The Henson Journals

Sun 1 August 1920

Volume 28, Pages 64 to 66

[64]

9th Sunday after Trinity, August 1st, 1920.

I went to Church at 8.30 a.m. in S. Mary–le–Strand, & there received the Holy Communion. The celebrant wore vestments, & had some Romish tricks, but I was able to recognize the Prayer–book service. After breakfasting in the Hotel, I went to the United Services Club, whither we are banished during the cleaning of the Athenaeum: & there established myself in a quiet room, where I wrote letters undisturbed. I wrote to the following:

1. George Nimmins (S.S. Eurypylus)

2. Ella

3. Knight (Holmer)

4. Philip le Measurier

5. Hugh Lyon

6. Knight (Bridstow)

7. Gow

8. Marion

I lunched at the Club, and was joined by the Archbishop of Wales, who has become strangely affectionate to me. I suspect that he has brought a "hornet's nest" about his head by giving Communion to the Prime Minister & Mrs Lloyd George at his enthronement: & looks to me as a sympathiser & possible champion. He said that Bishop Jayne entirely concurred with my estimate of Bishop Talbot: [& described the present Archbishop of York as "a spent force." This seems to me excessive & even absurd]. Lang showed no falling off in power while steering the Reunion Committee through the Conference, save that he, like Cantuar, tends to an exorbitancy in verbiage. The grace of terse & relevant speech is not conveyed by episcopal consecration!

[65]

I dined with Bishop Lawrence at Brown's Hotel, Albemarle Street. Mrs Lawrence & her sister were there. We had much pleasant conversation, in the course of which I was interested to learn something about the American bishops. Bishop Brent in his early manhood was much influenced by Bishop Hall of Vermont, then a Cowley Father, & himself contemplated joining the Order. But Hall certified the orthodoxy of Phillips Brooks, and fell under the censure of his community for doing so. This so disgusted Brent that he changed his direction, & became a more liberal man. This no doubt was the experience to which Brent referred in his speech to the Conference last Friday. Rheinlander is, in Lawrence's judgment, a very timid thinker. He is married to a sensible & rather masterful lady who "brings him down to earth". Lawrence is rather contemptuous of the Conference. "I doubt if there are a hundred persons in the United States, who attach the smallest importance to its decisions". He described the methods by which he had succeeded in raising a fund of more than £2,000,000 to provide a pension fund for the Episcopal Church. Here he became the shrewd Yankee advancing a "business proposition", & roping in dollars with calculated & unfailing success. Politeness alone restrained me from confessing the disgust I felt. Yet Lawrence is a good & most religious Bishop. Only even he cannot escape the bondage of dollar–dom.

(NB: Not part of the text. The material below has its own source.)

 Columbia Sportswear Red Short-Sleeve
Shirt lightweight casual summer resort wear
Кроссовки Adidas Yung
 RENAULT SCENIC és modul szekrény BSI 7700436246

Bishop Lawrence has recently attained the respectable age of 70 years. He gave me an amusing account of the manner in which the fact was noted in one of his parishes. In the course of the service in which he was taking part, the churchwarden announced the Bishop's age to the congregation, & offered the people's congratulations. "We have in this congregation", he said, "the best maker of cakes in the Republic: & she has excelled herself in making a birthday cake for the Bishop". The vast cake was then carried to the altar, & presented to the Bishop, who made suitable acknowledgments. This grotesque scene evidently pleased Lawrence very much: it demonstrated the sincerity of the people by the naïve simplicity of their procedure. Our ritualistic experts would be at some loss for liturgical precedents to justify it.

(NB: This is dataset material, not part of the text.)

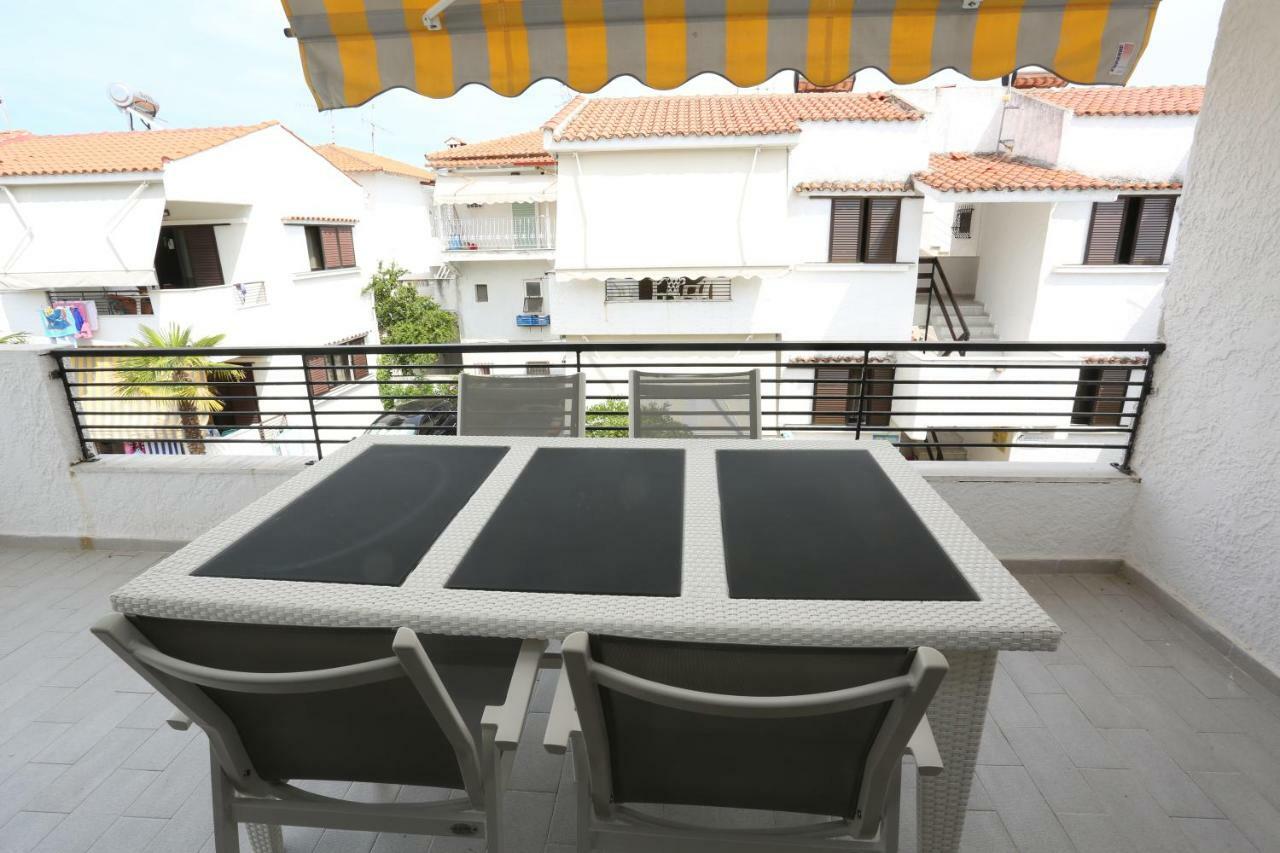 Villa Repas Пефкохори Экстерьер фото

[I was interested to learn that Lawrence shares my feeling about Neville Talbot. His confused & incoherent speech demonstrates his paternity, but he has not so good a mental equipment as his father.]

Lawrence is a very loyal American, & will not concede anything that tells against the Republic, but he did admit (while indicating his own dissent) that competent judges held that the social & economic situation of America made it not impossible that Bolshevism would break out there sooner than in this country. This view certainly does not lack plausibility.